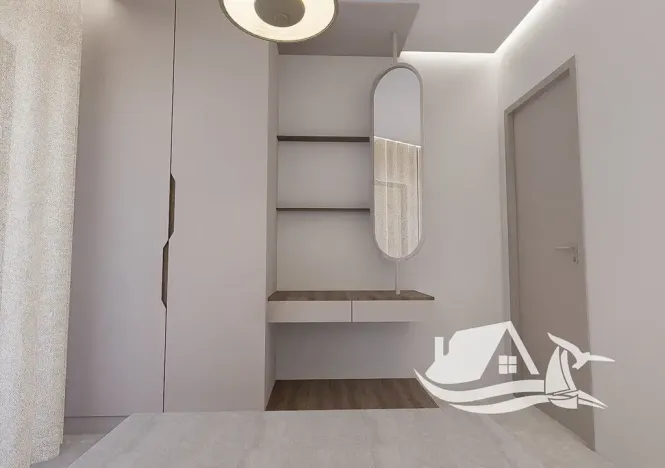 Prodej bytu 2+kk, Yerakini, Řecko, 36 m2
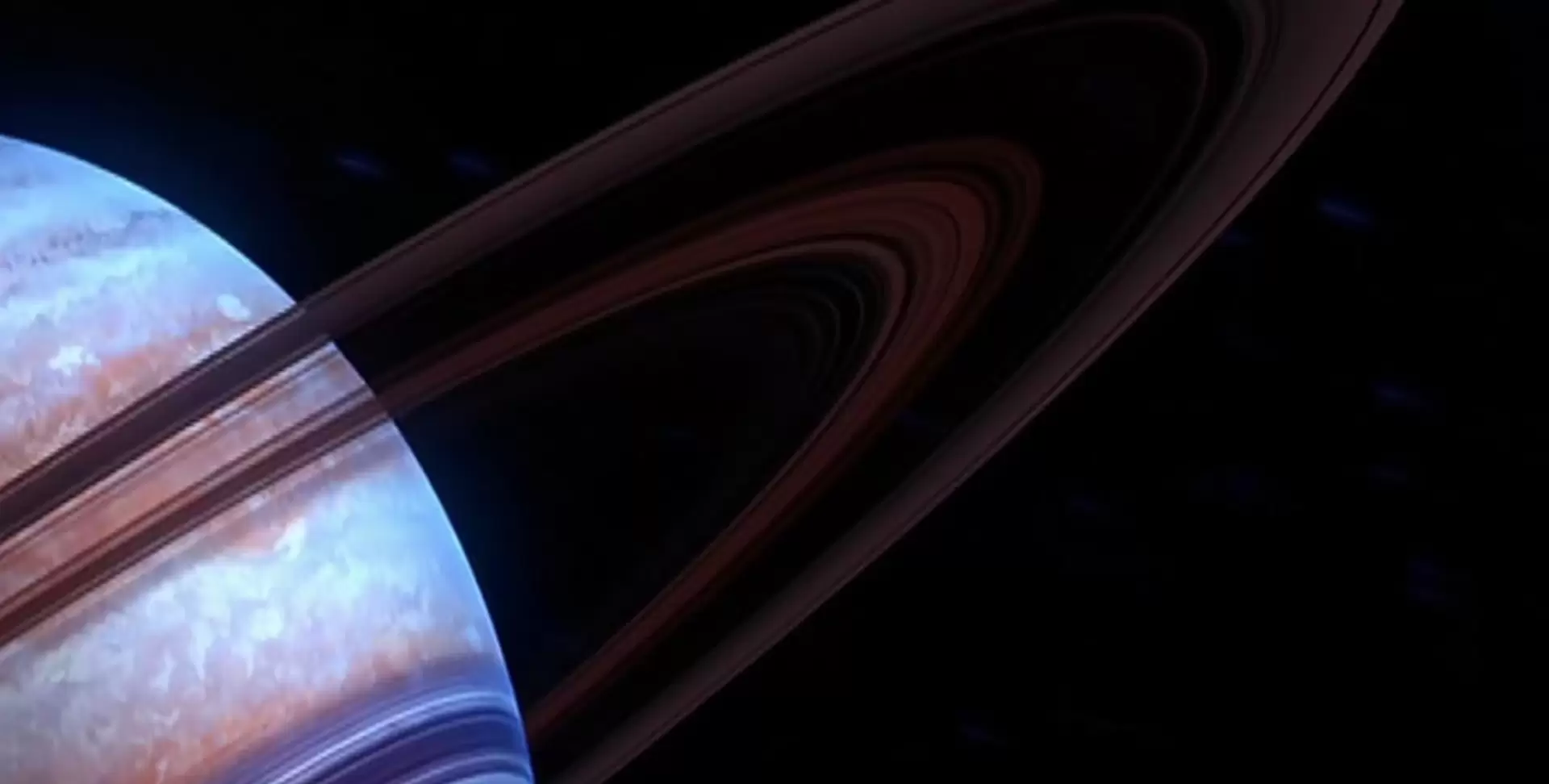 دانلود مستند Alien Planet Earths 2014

============

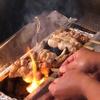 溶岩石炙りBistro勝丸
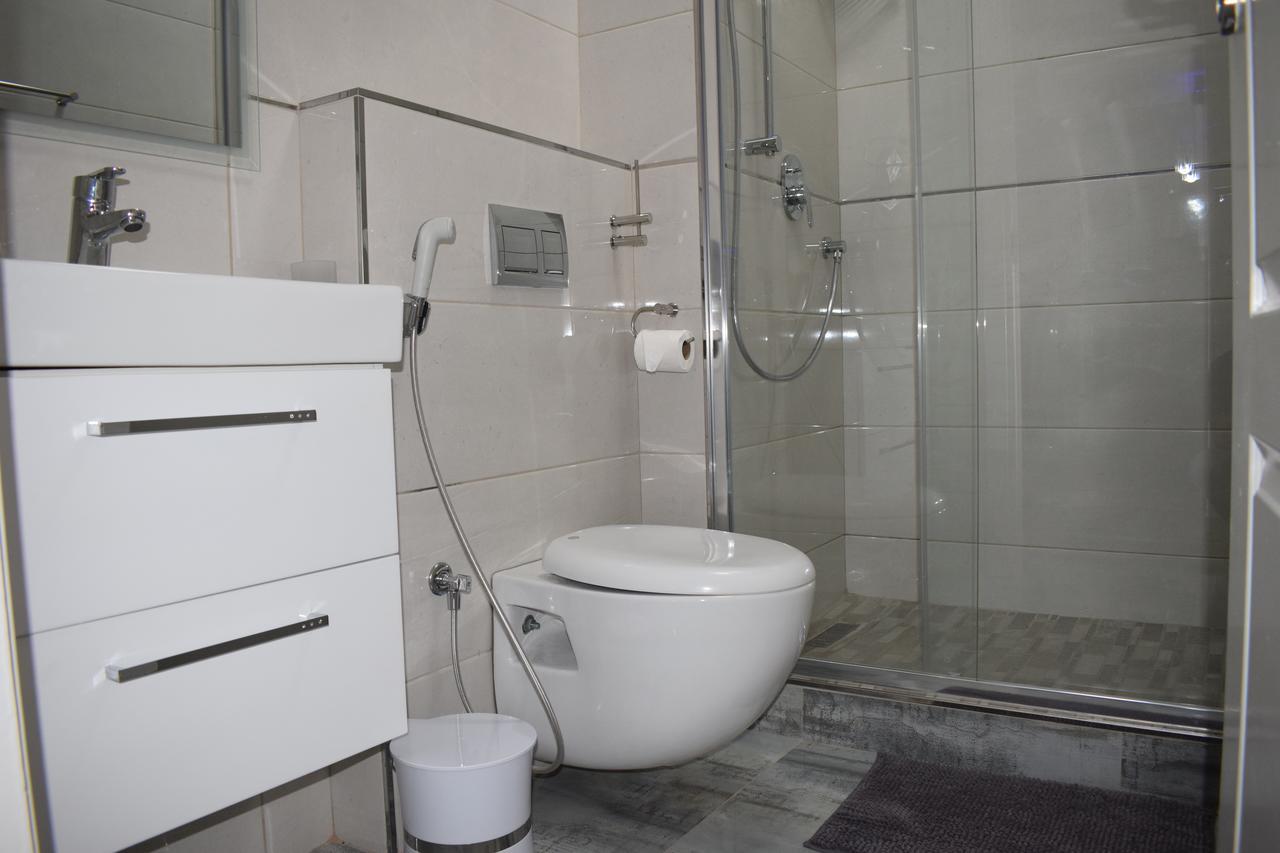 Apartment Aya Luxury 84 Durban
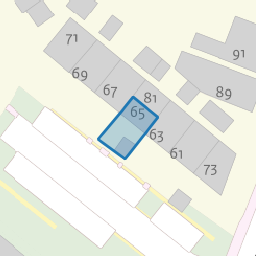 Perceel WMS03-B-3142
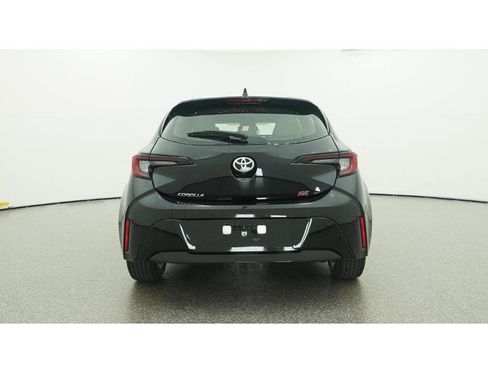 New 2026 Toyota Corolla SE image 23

============

[Problem statement] In the listing above, find the line containing "Prodej bytu 2+kk, Yerakini, Řecko, 36 m2" and the line containing "دانلود مستند Alien Planet Earths 2014". Reproduce those lines and all between them exactly, with no pictures and nothing more.

[Written answer]
 Prodej bytu 2+kk, Yerakini, Řecko, 36 m2
 دانلود مستند Alien Planet Earths 2014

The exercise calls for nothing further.